The cracks emerged after Aquino declared in a television interview on Wednesday that he has changed his mind on Charter change and is now open to seeking reelection.

LP stalwarts in the House of Representatives said not only were they stunned by Aquino’s pronouncement but they also felt that Speaker Feliciano Belmonte Jr. – a vice chairman of the party – was “disrespected” as the latter had repeatedly vowed to amend only the economic provisions of the Charter to boost the country’s growth.

“We’re all incredulous and disappointed to say the least.Here we are pushing for a no-nonsense economic Charter change, and it’s gaining public support because there’s no politics involved, and here comes this bombshell that could kill this economic initiative,” a ranking LP lawmaker in the House said.

The lawmaker, who asked not to be named, said as recently as the opening of the second regular session of the 16th Congress last July 28, Belmonte had assured the House that the efforts to amend restrictive economic provisions would not be tainted by politics.

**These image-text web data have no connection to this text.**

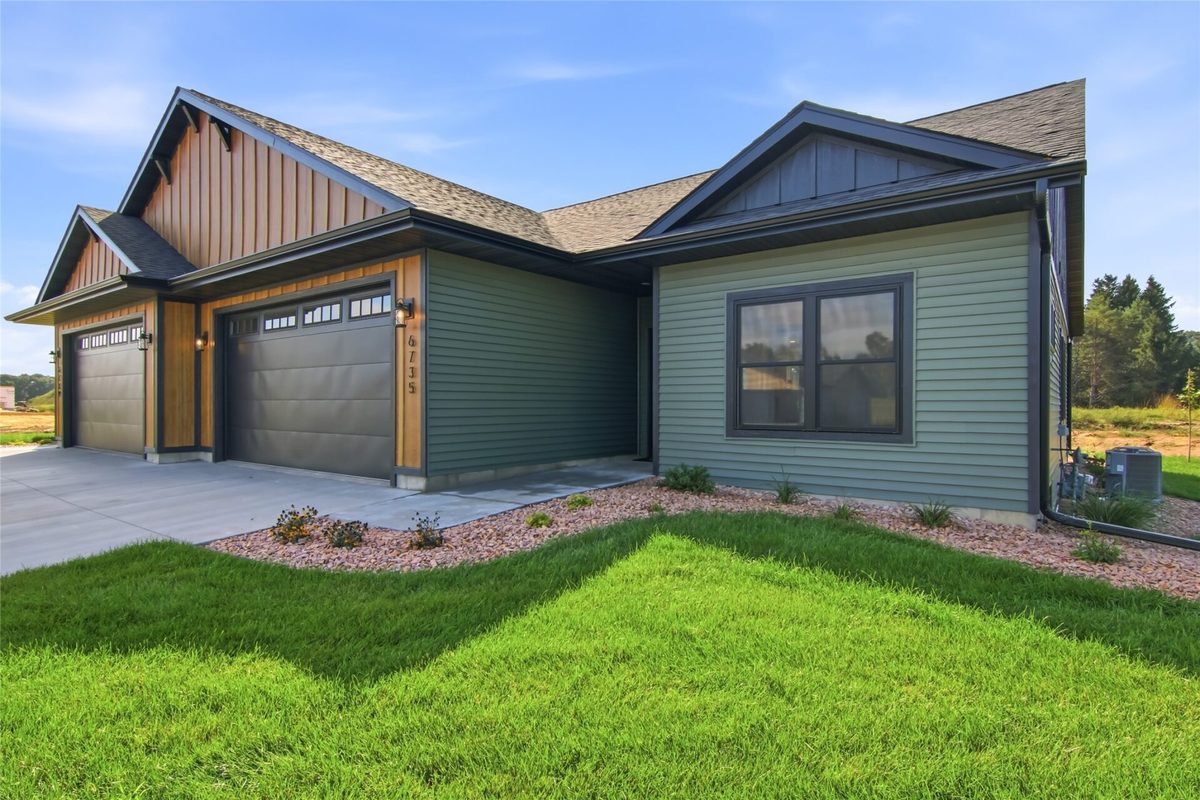 6735 Buck Tail Drive, Altoona WI 54720 - Residential house for sale - MLS #1604575 - image38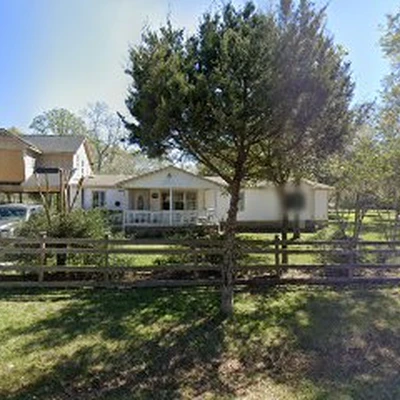 Mendoza Tree Service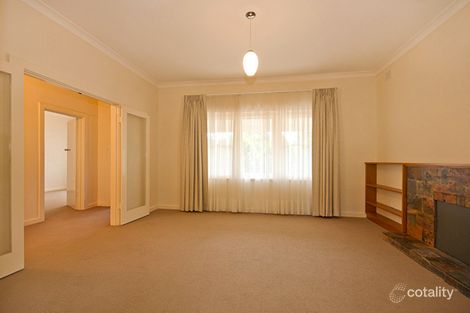 Property photo of 64 Tenth Avenue Joslin SA 5070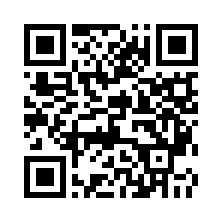 QR Code for 19aNwSnEsBGZMozPsti9o7C2veuQgw5vdp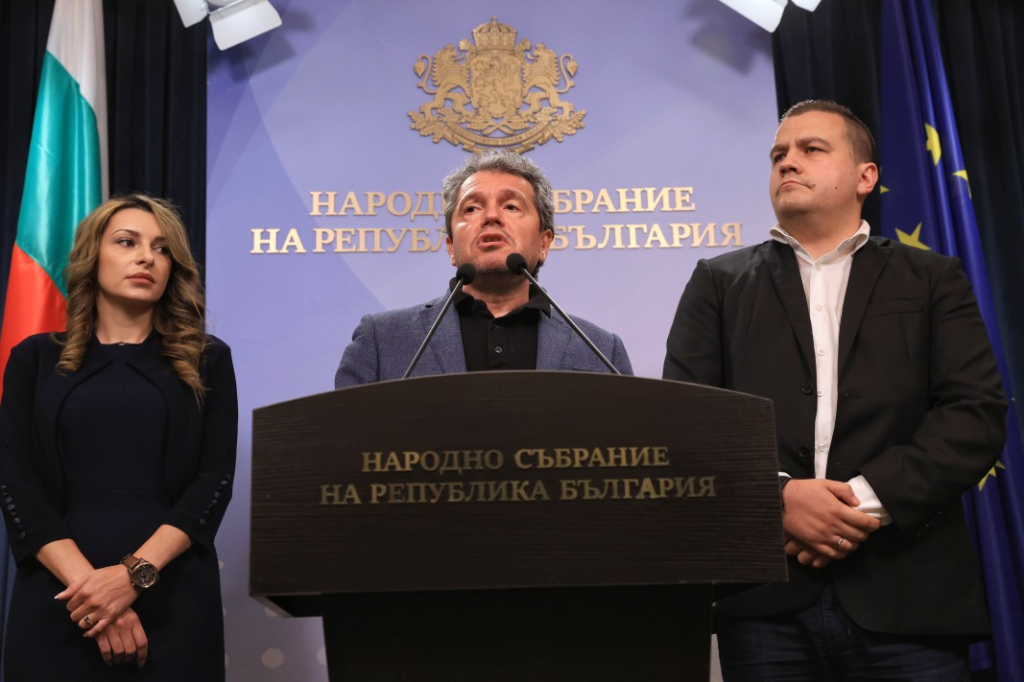 image 15 https://netnews.bg/wp-content/uploads/2024/10/image-15.png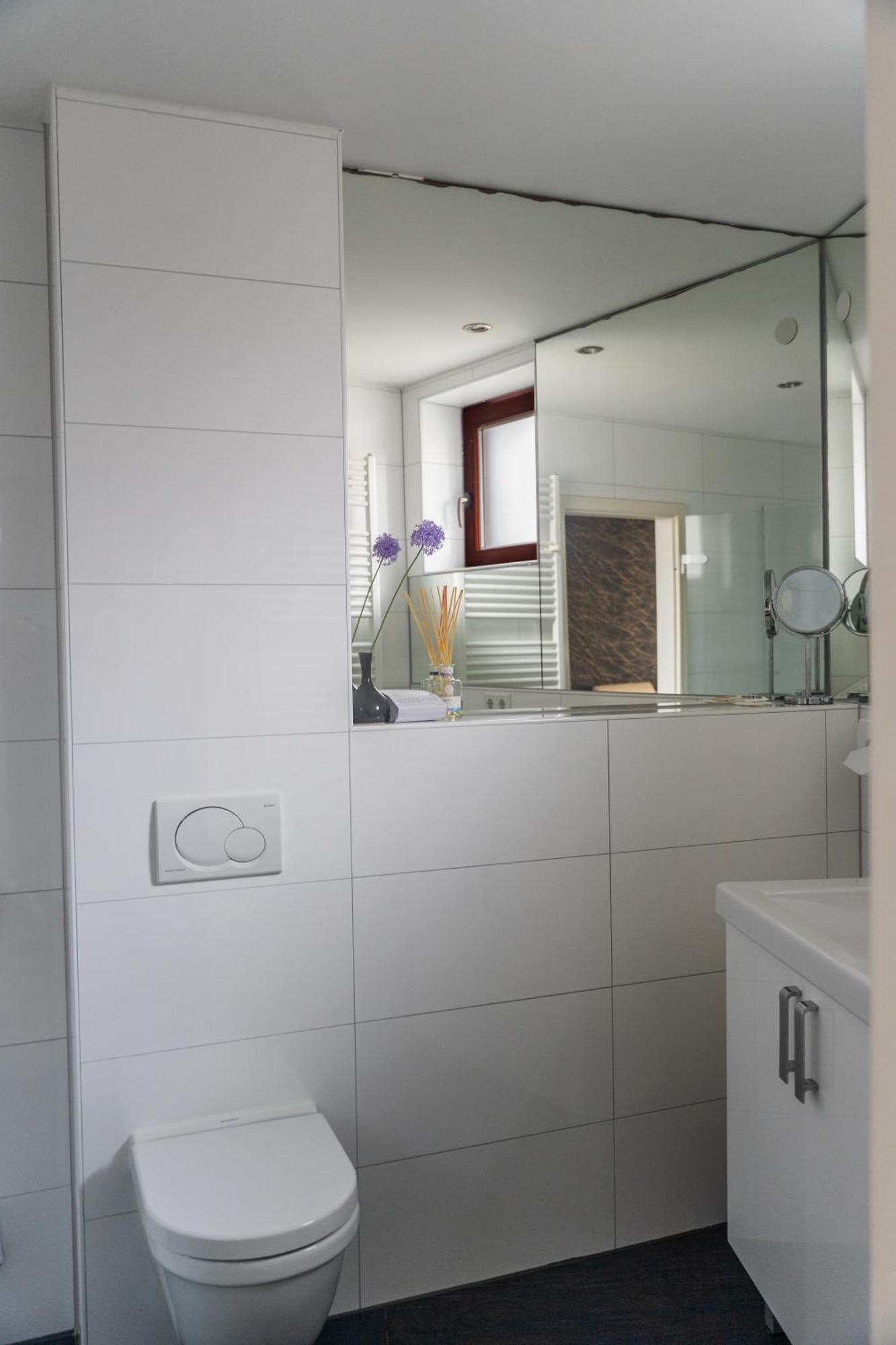 Hotel Hof 19 - Nuernberg Nord Heroldsberg Kültér fotó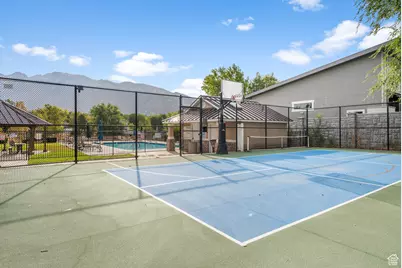 795 E Sunrise View Dr, Draper, UT 84020 - Photo 15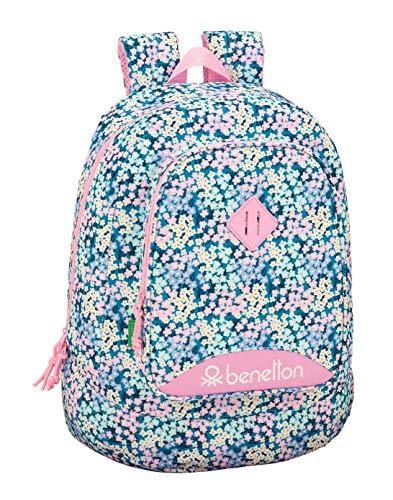 Zaini benetton 2019 sale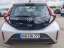 Toyota Aygo X 5-deurs Comfort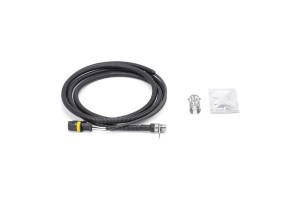 MAN TGS/TGX L-2070mm справа T0144-3002 TOPCOVER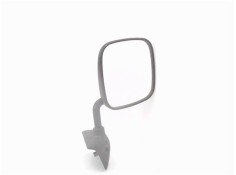 Recambio de retrovisor derecho para seat terra referencia OEM IAM   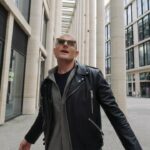 Aleksandr Malinovskiy Instagram - Любите ненасытно! Любите страстно! Любите дико! Любите жадно! Любите!!! #Малиновский #Вера 🎥 @starro.pro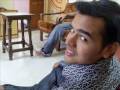videos de Akshays 20th b'day!!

Other sources from the party said the Speaker would seek an audience with Aquino to find out whether the President was serious about seeking another term.

With the exception of Reps. Edgar Erice, Ben Evardone and Jerry Treñas – all of whom belong to the LP – other lawmakers from the party have yet to come forward to express support for extending Aquino’s term.

Erice was the first to campaign in the chamber for amending the political provisions, saying Aquino was indispensable in continuing the reforms his administration has started.

Before Aquino made his pronouncements, Majority Leader and Mandaluyong City Rep. Neptali Gonzales II had repeatedly warned that moves to tamper with the political provisions of the Constitution would endanger the ongoing legislative process for economic Charter change.

Resolution of Both Houses No. 1, which seeks to remove restrictions on foreign ownership in certain industries, is set to be discussed in plenary in the coming days. Aquino earlier was cool to the proposal.

Many LP lawmakers have pointed to a “small group” within the party, led by Budget Secretary Florencio Abad, as behind Aquino’s change of mind.

“I fear that the leadership and the entire party will be divided – on one side, the voice of reason, the other, troublemakers,” a senior LP member earlier said.

The LP is the biggest political party in the 290-member House with over 100 members.

Other political parties belonging to the pro-administration coalition have yet to come up with their stand on the issue.

Officials from the Nationalist People’s Coalition (NPC), Nacionalista Party (NP), National Unity Party (NUP) and Centrist Democratic Party of the Philippines (CDP) in separate interviews said they expect to hold their respective meetings in the coming days as they try gauge the response of the people to Aquino’s controversial pronouncement.

The NPC has 62 lawmakers in its roster. The NUP has about 30 members while the NP and CDP have less than 10 members each.

Deputy Speaker and Isabela Rep. Giorgidi Aggabao, who is president of NPC, said the party is set to meet with officials from the executive branch after next week to discuss their concerns on the proposed national budget for 2015. This would be followed by a caucus to discuss political Charter change.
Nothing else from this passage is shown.